Episcopal Mission Conference Zones in on Conversion

An Episcopal mission conference that concluded on Sunday offered different perspectives on the conversion process, including tips on how to work with Muslims.

The some 300 attendees at the "Everyone, Everywhere World Mission Conference" in Baltimore, Md., heard addresses on the topic of conversion, ranging from the need for on-going personal transformation to being sensitive when sharing the Gospel with Muslims.

The Rev. Mike Kinman, executive director of Episcopalians for Global Reconciliation, spoke about a "conversion about liberation … from what holds us most tightly in its grasp" on the opening day of the June 5-8 conference, according to Episcopal News Service.

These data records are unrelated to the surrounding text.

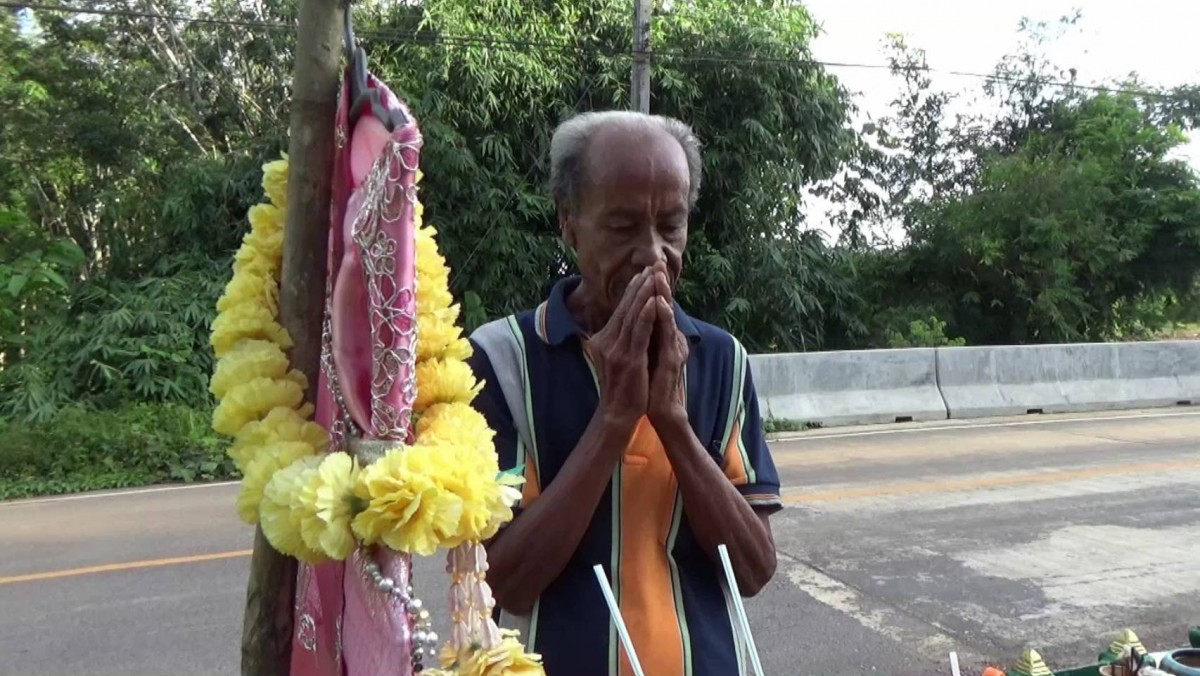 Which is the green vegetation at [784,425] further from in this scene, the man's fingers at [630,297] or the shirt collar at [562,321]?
the man's fingers at [630,297]

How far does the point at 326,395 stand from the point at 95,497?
24.6 ft

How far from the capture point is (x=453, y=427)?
1133mm

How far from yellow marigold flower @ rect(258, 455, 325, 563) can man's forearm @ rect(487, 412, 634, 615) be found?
1.19 ft

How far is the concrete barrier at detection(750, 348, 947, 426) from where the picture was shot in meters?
10.4

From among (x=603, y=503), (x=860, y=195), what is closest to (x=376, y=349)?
(x=603, y=503)

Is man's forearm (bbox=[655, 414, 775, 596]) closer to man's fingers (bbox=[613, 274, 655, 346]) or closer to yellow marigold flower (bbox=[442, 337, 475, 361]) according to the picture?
man's fingers (bbox=[613, 274, 655, 346])

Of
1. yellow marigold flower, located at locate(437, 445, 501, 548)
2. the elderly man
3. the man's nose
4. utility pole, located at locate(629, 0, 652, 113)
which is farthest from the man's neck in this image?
utility pole, located at locate(629, 0, 652, 113)

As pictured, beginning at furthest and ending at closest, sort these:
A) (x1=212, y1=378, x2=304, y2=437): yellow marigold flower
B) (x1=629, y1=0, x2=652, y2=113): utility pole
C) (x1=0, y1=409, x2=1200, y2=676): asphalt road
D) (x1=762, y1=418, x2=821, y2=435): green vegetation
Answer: (x1=629, y1=0, x2=652, y2=113): utility pole → (x1=762, y1=418, x2=821, y2=435): green vegetation → (x1=0, y1=409, x2=1200, y2=676): asphalt road → (x1=212, y1=378, x2=304, y2=437): yellow marigold flower

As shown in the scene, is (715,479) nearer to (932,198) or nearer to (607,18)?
(607,18)

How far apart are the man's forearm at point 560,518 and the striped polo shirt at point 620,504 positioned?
0.18 ft

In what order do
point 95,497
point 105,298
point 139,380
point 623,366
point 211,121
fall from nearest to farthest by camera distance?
point 623,366, point 95,497, point 139,380, point 105,298, point 211,121

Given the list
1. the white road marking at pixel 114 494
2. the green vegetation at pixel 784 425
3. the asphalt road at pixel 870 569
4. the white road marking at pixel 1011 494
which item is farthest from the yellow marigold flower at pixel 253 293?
the green vegetation at pixel 784 425

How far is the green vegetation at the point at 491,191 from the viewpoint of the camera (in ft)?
34.2

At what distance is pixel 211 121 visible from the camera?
42.2 feet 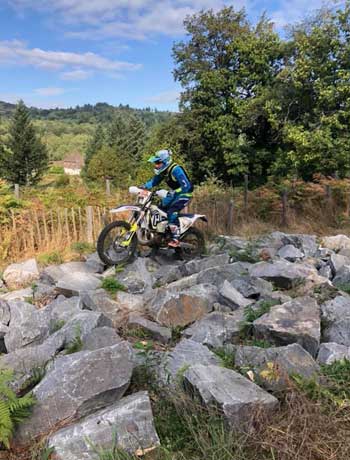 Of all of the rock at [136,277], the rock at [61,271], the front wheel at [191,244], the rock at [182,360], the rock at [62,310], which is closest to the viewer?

He pointed to the Scripture story in Luke 10:1-9, when Jesus commanded the 72 missionaries to take nothing with them when they go out to preach. Kinman described this scene as a "call to vulnerability," which requires Christians to "receive the vulnerable stranger and treat them with God's extravagant love." The call also asks believers to become vulnerable.

Kinman said in modern U.S. society, this is especially hard for Americans because of society's strong indoctrination of the "gospel of security."

"We have this almost pathological fear of it all being taken away," Kinman observed.

But he urged Christians to be liberated from their need to always be secured and logical, and instead depend on God.

On day two of the conference, the Rev. Paul-Gordon Chandler, an Episcopal missionary and author, spoke about working with Muslims. He urged participants to "bridge this chasm of misunderstanding" between Christianity and Islam by not focusing on converting the Muslim, but rather to form an interfaith friendship that explores the commonality between the two faiths.

Chandler said Muslims who are pressured into converting to Christianity suffer what he calls a "total break with society." He gave as example real stories of Christian converts from Islam in Senegal who were exiled from their community when they followed Christ.

"They ended up getting Jesus, but the rest of their life was hell," said Chandler, who had lived in Senegal with his parents who were Christian missionaries.

The Episcopal missionary recommended Christians to use the Five Pillars of Islam to introduce the common religious heritage between Christianity and Islam when approaching Muslims. The central common factor is that Jesus was a Middle Eastern man whom Islam reveres.

The five pillars consist of: Shahadah – sincerely reciting the Muslim profession of faith; Salat – performing ritual prayers in the proper way five times each day; Zakat – paying an alms (or charity) to benefit the poor and the needy; Sawm – fasting during the month of Ramadan; and Hajj – pilgrimage to Mecca.

Chandler, who is the rector of the Church of St. John the Baptist in Cairo, connected the five pillars with the Christian profession that Jesus is Lord; the traditional churches facing the east when praying; Christian charitable giving; fasting during Lent; and the Christian pilgrimage towards the truth, respectively.

He reminded the attendees that both Christians and Muslims hold dear Psalm 84, whose fourth verse says: "Happy are the people whose strength is in you, whose hearts are set on the pilgrims' way."

The "Everyone, Everywhere World Mission Conference" offered more than 40 different workshops to attendees, ranging from regionally specific programs to classes on mission theology. Helen Wangusa, Anglican Observer at the United Nations, was the keynote speaker on Saturday, and the conference concluded with Eucharist on Sunday.